▶ **Working data**
::::::::

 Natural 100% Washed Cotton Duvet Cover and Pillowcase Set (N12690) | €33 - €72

::::::::

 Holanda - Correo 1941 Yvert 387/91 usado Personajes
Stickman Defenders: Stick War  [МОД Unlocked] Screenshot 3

::::::::

▶ **Exercise details**
Leave out every line above except those from the line with "Holanda - Correo" up to and including the line with "Stickman Defenders: Stick", and copy those exactly.

▶ **Solution below**
 Holanda - Correo 1941 Yvert 387/91 usado Personajes
Stickman Defenders: Stick War  [МОД Unlocked] Screenshot 3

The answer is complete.